Aim of the exercise ::
From the line that contains "Rose vintage illüstrasyon kırmızı yapraklı" down to the last line of the data below, restate every line word for word, skipping any images.

Data block ::
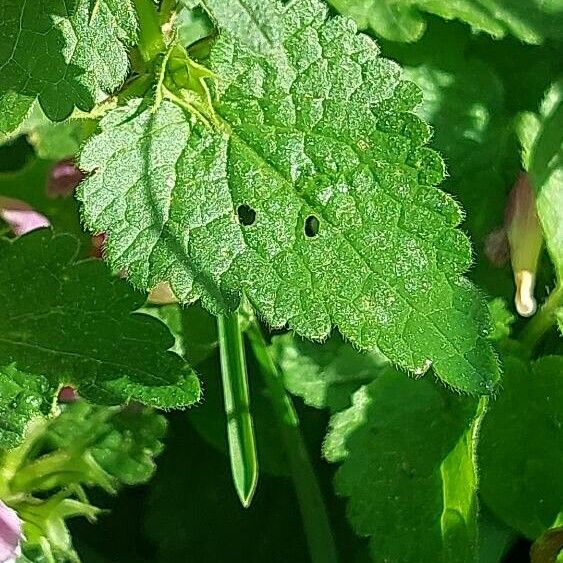 Lamium maculatum Leht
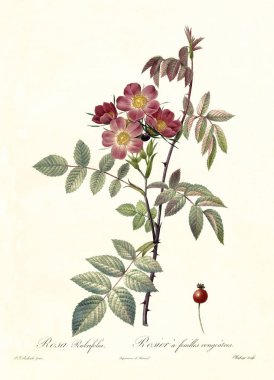 Rose vintage illüstrasyon kırmızı yapraklı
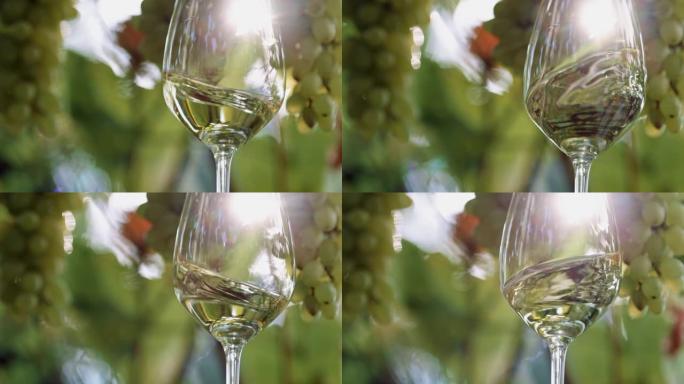 白葡萄上杯白葡萄酒。阳光冲破葡萄园的树枝，照亮了一杯白葡萄酒。挥舞白葡萄酒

Expected answer ::
 Rose vintage illüstrasyon kırmızı yapraklı
 白葡萄上杯白葡萄酒。阳光冲破葡萄园的树枝，照亮了一杯白葡萄酒。挥舞白葡萄酒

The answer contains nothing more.